200. Number of Islands

yPhantom 2019年10月14日 40次浏览

Given a 2d grid map of '1's (land) and '0's (water), count the number of islands. An island is surrounded by water and is formed by connecting adjacent lands horizontally or vertically. You may assume all four edges of the grid are all surrounded by water.

Example 1:

Input:
11110
11010
11000
00000

Output: 1

Example 2:

Input:
11000
11000
00100
00011

Output: 3

Solution

找到2d数组中"岛"的数量。这题类似于之前写过的1219. Path with Maximum Gold。
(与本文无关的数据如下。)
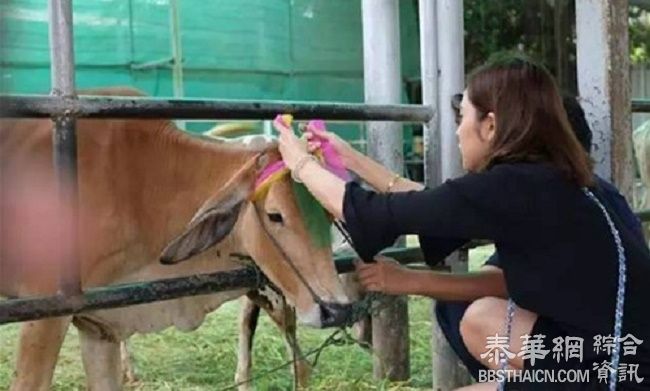 泰国保镖暴打军二代事件续   女明星放生黄牛忏悔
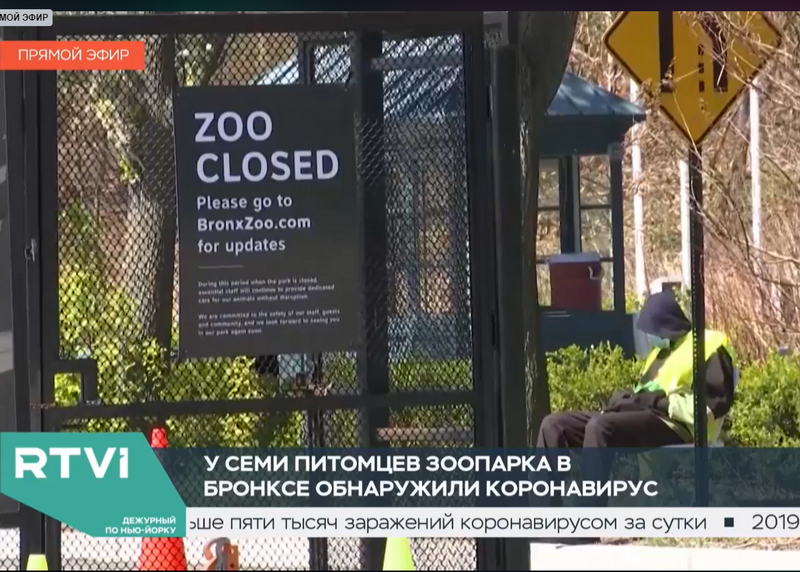 http://images.vfl.ru/ii/1588359354/2df05210/30386387.png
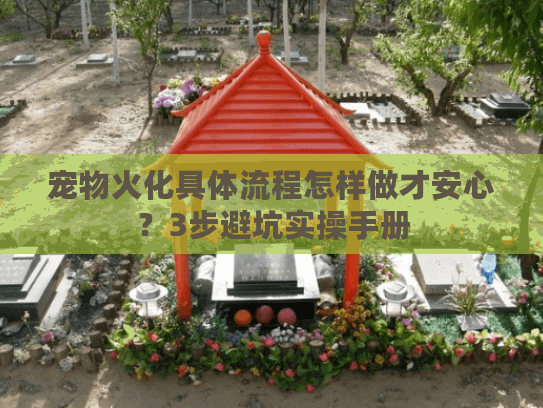 宠物火化具体流程怎样做才安心？3步避坑实操手册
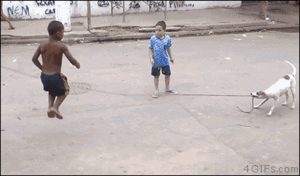  Dog Helping With Jump Rope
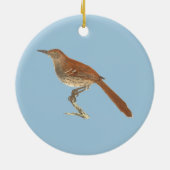 The Brown Thrush of Brown Thrasher, New York Birds Keramisch Ornament (Achterkant)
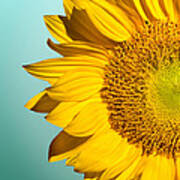 Sunflower Naturally 3 Poster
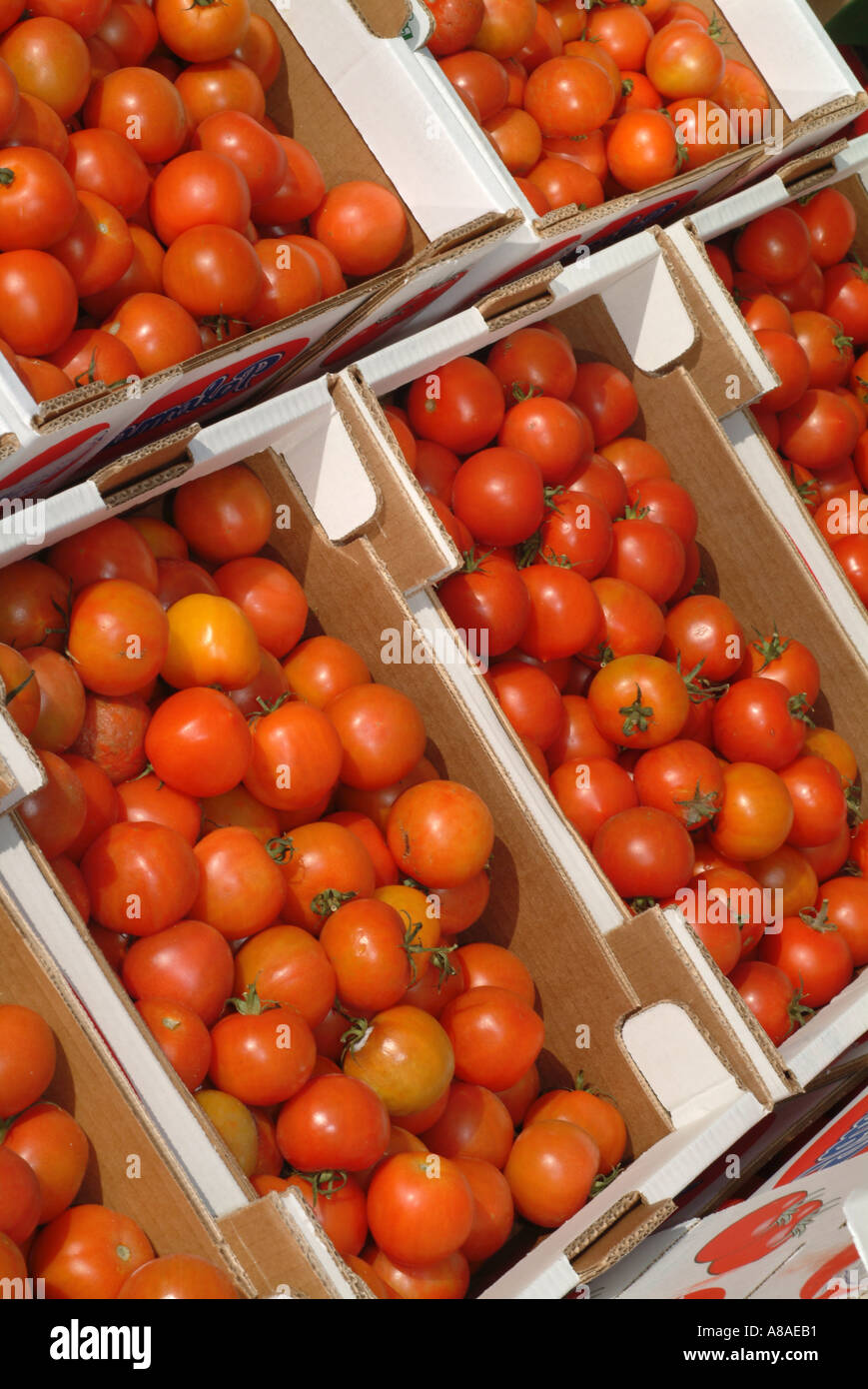red tomatos on market stall Stock Photo - Alamy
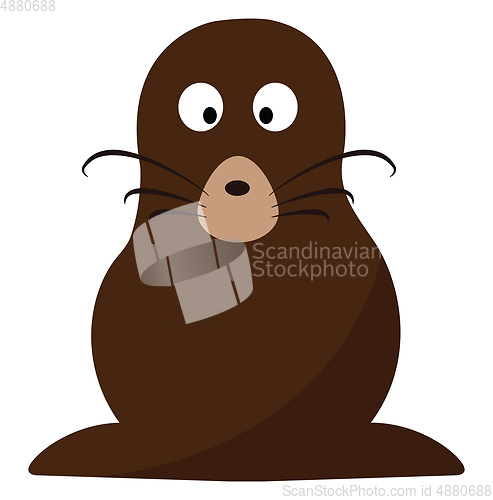 Image of Staring harp seal vector or color illustration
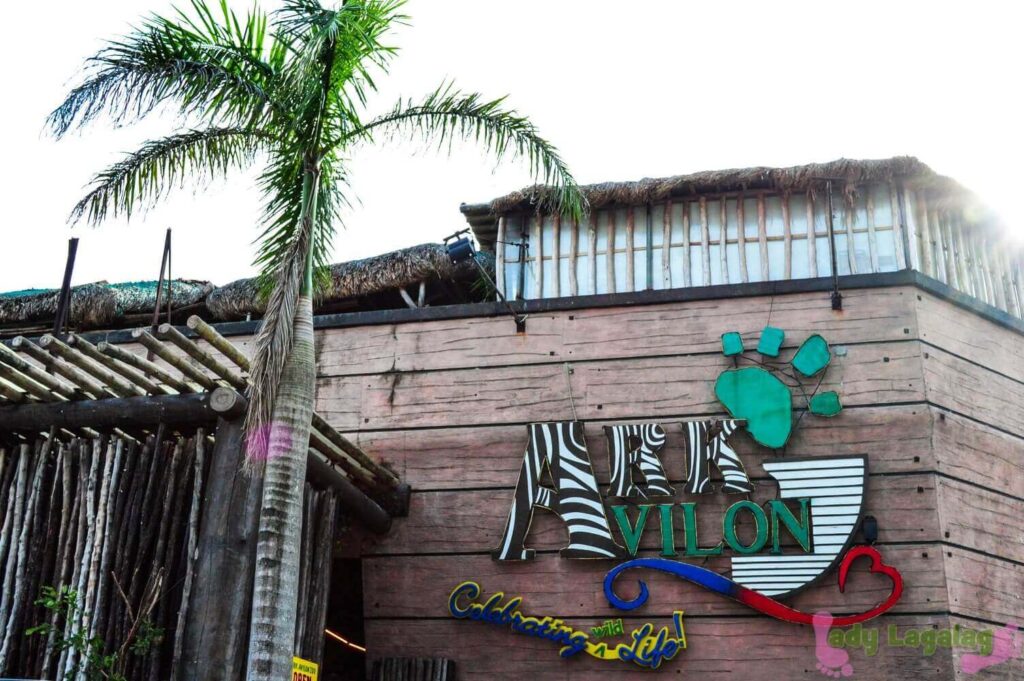 Wondering what are the possible things to do in Pasig? Visit Ark Avilon Zoo!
都是用的dfs,直接贴代码吧:

class Solution {
    
    private final int[] d = {0, 1, 0, -1, 0};
    
    public int numIslands(char[][] grid) {
        if (grid == null || grid.length < 1 || grid[0].length < 1) {
            return 0;
        }
        int count = 0;
        for (int i = 0; i < grid.length; i++) {
            for (int j = 0; j < grid[0].length; j++) {
                if (grid[i][j] == '1') {
                    dfs(grid, i, j);
                    count++;
                }
            }
        }
        return count;
    }
    
    private void dfs(char[][] grid, int i, int j) {
        if (i < 0 || i >= grid.length || j < 0 || j >= grid[0].length || grid[i][j] != '1') {
            return;
        }
        grid[i][j] = '0';
        for(int k = 0; k < 4; k++) {
            dfs(grid, i + d[k], j + d[k + 1]);
        }
    }
}

基本上看到这种2d的字眼,就是bfs,dfs,dp三种算法了。